Catering is one of the hardest jobs on a rock tour. We are the first to reach the venue and the last to leave, and our 18-20 hour days consist of nonstop, grueling labor. We cook breakfast, lunch, dinner, and after-show food for the crew, the band, and the local union labor; we also set up and stock the dressing rooms and the buses that cart us from town to town. A typical day begins a little before 8 a.m. We unload our flight cases of gear from one of the seven 18-wheelers that house the sets and lights. We are self-contained and carry everything from ovens to tealight candles. The first job is locating the local promoter rep to find a place to set up the kitchen and the dining room. Most of the facilities on this tour were never meant to house anything more than equine events, tractor pulls, and the annual pig racing competition. In Little Rock, Ark., a man named Jeb informed our crew that catering would be housed in the Milking Pavilion, “up yonder just past the Cow Palace.” There’s nothing quite like pushing a 200-pound flight case filled with dishes up a ramp covered in the remnants of last week’s rodeo first thing in the morning. It makes you pause, look around, and wonder how the hell you got to this place.
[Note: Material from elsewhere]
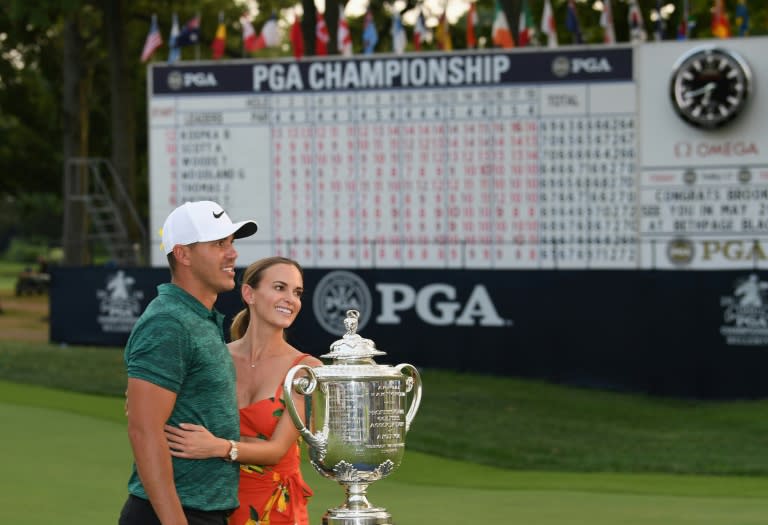 Brooks Koepka poses with his girlfriend, Jena Sims, and the Wanamaker Trophy on the 18th green after winning the 2018 PGA Championship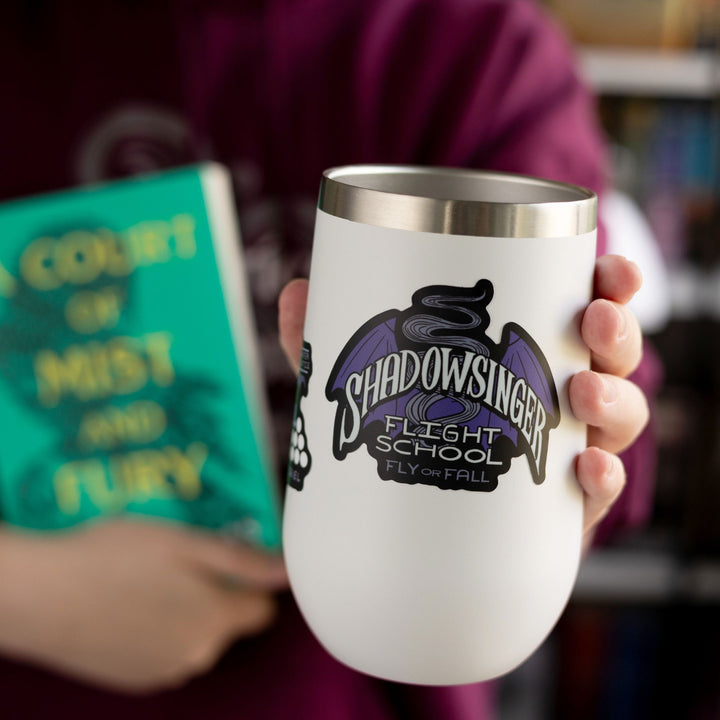 Sticker of purple bat wings that says ‘Shadowsinger Flights school, fly or fall.’ Inspired by ACOTAR. On a white tumbler.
For me, it started a few years ago when I decided to quit my day job and become a full-time writer. I supplemented my meager income with a string of restaurant jobs, and that led to this—traveling the country caring for and feeding musicians.

When people learn what I do for a living they inevitably ask for the strangest request from a band. So far I have not been asked to supply anything too bizarre for the dressing rooms. In fact, I’m a little disappointed with how mundane some of these riders can be.  On a previous tour I set up the dressing rooms for a controversial rap group. I expected the riders to ask for guns, whores, and cocaine, but all they really wanted was a fruit tray and some cognac. I suppose it’s good thing that I haven’t been asked to separate the stars’ M&M’s by color and size. Anything that frivolous would make me snap, and with the onset of Tourette’s that I’ve recently developed, I’m afraid of what I would say should that situation ever arise.